我之前提供的基本概念可行,但它需要添加UDF来生成推文的NGrams对。然后,您将NGram对与Tokenized推文结合,然后对该数据集执行wordcount函数。

我已经测试了下面的代码,它可以很好地对付提供的数据。如果filter_list中的记录在字符串中有超过2个单词(即:"我感觉不好"),您需要使用适当的计数重新编译ngram-udf(或者理想情况下,只需转动它变成一个变量,并在运行中设置ngram计数。

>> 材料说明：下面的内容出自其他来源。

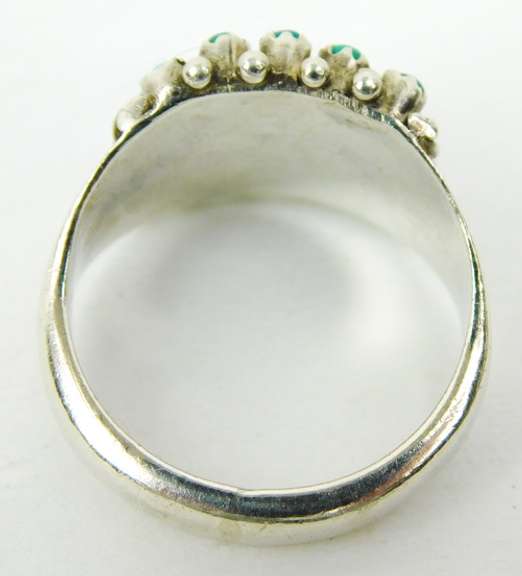 Vintage Wide Navajo Sterling Turquoise Ring, Size 5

您可以在此处获取NGramGenerator UDF的源代码:Github



ngrams.pig

REGISTER ngram-udf.jar
DEFINE NGGen org.apache.pig.tutorial.NGramGenerator;

--Load the initial data
A = LOAD 'tweets.txt' as (tweet:chararray);

--Create NGram tuple with a size limit of 2 from the tweets
B = FOREACH A GENERATE FLATTEN(NGGen(tweet)) as ngram; 
--Tokenize the tweets into single word tuples
C = FOREACH A GENERATE FLATTEN(TOKENIZE((chararray)tweet)) as ngram;

--Union the Ngram and word tuples
D = UNION B,C;
--Group similar tuples together
E = GROUP D BY ngram;
--For each unique ngram, generate the ngrame name and a count
F = FOREACH E GENERATE group, COUNT(D);


--Load the wordlist for joining
Z = LOAD 'wordlist.txt' as (word:chararray);

--Perform the innerjoin of the ngrams and the wordlist
Y = JOIN F BY group, Z BY word;

--For each intersecting record, store the ngram and count
X = FOREACH Y GENERATE $0,$1;


DUMP X;



结果/输出

(feeling,1)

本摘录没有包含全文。